→ **What the task asks**
Using the records below, output the stretch that opens with the line containing "شلية مكان سياحي لا مثيل له...يابوس" and closes with the line containing "Teeny Nemo by Norbert Probst", exactly and including both lines, with nothing more.

→ **Data for analysis**
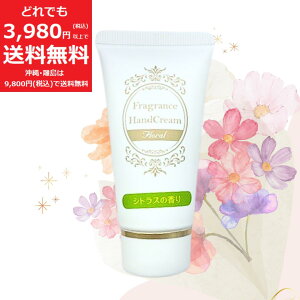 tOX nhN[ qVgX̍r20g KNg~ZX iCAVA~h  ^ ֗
...
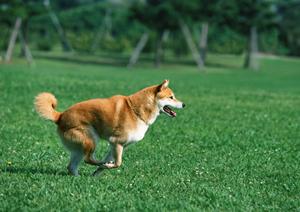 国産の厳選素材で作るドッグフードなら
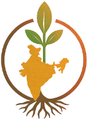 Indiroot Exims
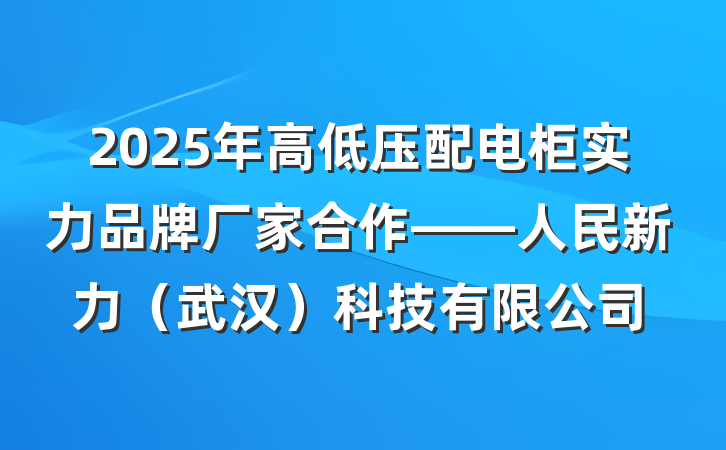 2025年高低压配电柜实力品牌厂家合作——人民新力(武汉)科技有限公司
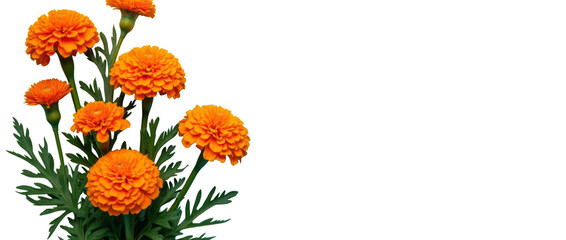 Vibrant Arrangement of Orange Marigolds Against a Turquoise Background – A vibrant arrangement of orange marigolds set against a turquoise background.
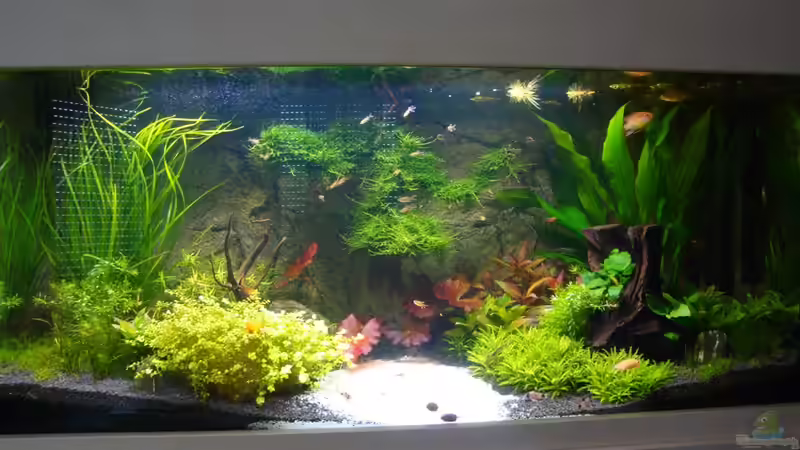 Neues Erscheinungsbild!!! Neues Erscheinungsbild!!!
--
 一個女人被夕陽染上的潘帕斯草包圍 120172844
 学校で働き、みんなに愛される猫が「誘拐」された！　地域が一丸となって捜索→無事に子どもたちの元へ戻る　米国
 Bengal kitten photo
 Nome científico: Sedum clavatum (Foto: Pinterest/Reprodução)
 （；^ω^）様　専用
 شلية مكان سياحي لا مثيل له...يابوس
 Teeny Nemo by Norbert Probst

→ **Reply**
 شلية مكان سياحي لا مثيل له...يابوس
 Teeny Nemo by Norbert Probst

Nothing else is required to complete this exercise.